Monday, December 31, 2012

RE: Christmas Exchange Gifts

“Exchange gifts” – whether straight-up random exchanging of gifts among participants, “Kris Kringle”, “Secret Santa”, “Manito/Manita”, or whatever variation of it – is a popular feature of the current Christmas season culture we are familiar with.  When done right, it is incredibly fun for everyone.  However, when commercialism starts touching the activity, prices of the gifts are compared and assessed; murmuring and frowns are stirred; disappointment is cultivated on the hearts; and, worst of all, goodwill is ruined – thus, the whole point of “exchange gifts” is killed.
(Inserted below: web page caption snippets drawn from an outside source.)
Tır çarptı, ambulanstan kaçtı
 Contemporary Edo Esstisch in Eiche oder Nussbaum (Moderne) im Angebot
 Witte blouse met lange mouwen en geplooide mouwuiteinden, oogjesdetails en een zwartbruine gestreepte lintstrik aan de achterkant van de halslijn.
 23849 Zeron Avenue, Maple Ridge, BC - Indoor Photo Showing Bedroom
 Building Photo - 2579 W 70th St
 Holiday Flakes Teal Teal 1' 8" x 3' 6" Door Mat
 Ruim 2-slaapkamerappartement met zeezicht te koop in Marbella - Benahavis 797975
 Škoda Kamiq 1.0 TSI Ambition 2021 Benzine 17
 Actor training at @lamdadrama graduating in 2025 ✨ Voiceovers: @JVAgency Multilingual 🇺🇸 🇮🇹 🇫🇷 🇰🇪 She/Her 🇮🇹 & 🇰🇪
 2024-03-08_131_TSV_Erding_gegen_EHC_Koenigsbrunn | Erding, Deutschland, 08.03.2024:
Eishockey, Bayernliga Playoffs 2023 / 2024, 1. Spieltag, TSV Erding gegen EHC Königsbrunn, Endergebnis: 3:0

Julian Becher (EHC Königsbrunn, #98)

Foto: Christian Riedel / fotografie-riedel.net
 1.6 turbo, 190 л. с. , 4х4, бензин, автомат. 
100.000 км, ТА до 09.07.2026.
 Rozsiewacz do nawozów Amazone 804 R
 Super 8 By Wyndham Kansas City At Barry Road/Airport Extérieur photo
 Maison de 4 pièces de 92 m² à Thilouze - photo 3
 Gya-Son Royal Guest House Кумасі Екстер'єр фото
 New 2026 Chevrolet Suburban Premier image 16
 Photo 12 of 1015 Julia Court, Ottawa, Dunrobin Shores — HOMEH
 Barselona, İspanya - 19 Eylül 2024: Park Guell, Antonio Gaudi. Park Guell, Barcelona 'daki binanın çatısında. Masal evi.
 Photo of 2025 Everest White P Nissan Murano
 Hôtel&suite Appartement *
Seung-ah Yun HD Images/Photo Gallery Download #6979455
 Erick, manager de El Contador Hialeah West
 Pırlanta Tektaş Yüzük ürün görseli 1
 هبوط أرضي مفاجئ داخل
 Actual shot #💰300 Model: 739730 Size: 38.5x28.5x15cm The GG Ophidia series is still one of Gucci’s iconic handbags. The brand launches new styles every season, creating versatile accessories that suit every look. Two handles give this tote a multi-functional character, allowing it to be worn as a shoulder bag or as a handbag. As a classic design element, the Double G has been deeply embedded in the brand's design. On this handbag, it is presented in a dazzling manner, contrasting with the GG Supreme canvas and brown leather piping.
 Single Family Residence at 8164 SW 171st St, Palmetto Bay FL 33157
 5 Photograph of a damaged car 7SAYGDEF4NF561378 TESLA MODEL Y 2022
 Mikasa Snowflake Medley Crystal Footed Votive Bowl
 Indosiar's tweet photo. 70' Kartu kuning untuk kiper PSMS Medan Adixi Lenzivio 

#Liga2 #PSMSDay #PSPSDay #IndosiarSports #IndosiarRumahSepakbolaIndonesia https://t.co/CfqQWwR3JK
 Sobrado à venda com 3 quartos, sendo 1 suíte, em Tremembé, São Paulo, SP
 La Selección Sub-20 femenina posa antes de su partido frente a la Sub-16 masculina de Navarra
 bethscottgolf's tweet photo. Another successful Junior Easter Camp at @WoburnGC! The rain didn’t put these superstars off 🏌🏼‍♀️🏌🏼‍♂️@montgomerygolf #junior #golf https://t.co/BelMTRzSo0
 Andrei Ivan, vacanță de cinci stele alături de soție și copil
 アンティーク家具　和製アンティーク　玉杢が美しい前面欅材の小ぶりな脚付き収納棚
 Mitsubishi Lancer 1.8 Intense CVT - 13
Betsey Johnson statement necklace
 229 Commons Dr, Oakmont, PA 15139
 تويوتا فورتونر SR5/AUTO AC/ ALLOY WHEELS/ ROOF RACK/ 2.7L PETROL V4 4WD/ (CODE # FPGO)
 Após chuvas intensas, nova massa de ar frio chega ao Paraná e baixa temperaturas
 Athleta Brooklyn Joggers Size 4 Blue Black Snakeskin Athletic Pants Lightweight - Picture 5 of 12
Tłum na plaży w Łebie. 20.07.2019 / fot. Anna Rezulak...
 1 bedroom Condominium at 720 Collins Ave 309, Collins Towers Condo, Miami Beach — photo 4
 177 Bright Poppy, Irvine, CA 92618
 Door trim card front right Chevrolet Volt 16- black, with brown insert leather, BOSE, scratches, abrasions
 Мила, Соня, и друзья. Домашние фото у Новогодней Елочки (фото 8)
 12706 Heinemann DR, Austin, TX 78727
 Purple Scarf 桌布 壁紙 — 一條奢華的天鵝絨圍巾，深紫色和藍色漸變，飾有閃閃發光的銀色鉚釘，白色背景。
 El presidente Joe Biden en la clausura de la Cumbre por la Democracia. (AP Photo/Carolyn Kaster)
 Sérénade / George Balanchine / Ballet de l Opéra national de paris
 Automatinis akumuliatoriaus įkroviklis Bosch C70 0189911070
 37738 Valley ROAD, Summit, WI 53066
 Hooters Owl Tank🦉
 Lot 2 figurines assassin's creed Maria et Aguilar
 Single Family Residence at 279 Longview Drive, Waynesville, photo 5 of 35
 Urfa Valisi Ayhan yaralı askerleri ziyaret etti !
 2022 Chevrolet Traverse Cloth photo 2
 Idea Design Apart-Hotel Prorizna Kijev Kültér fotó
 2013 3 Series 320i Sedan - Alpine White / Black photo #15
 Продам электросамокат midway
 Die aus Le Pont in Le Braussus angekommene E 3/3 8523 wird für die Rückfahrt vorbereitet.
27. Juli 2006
A price standard is set.  “The gift should be worth at least 100 pesos!”  We prepare a good gift.  The gift we prepared might even significantly exceed 100 pesos.  And we expect that the gift we receive in return at least matches the quality and worth of the gift we give.  We don’t want to get terrible clichéd gifts such as calendars, photo albums, or picture frames.  Mugs are tolerated… if of good value or design.  Then, we rage if the worth of the gift we receive is obviously less than the agreed price standard. 

If this is our attitude, well, we should definitely change it.  Because it’s appalling. 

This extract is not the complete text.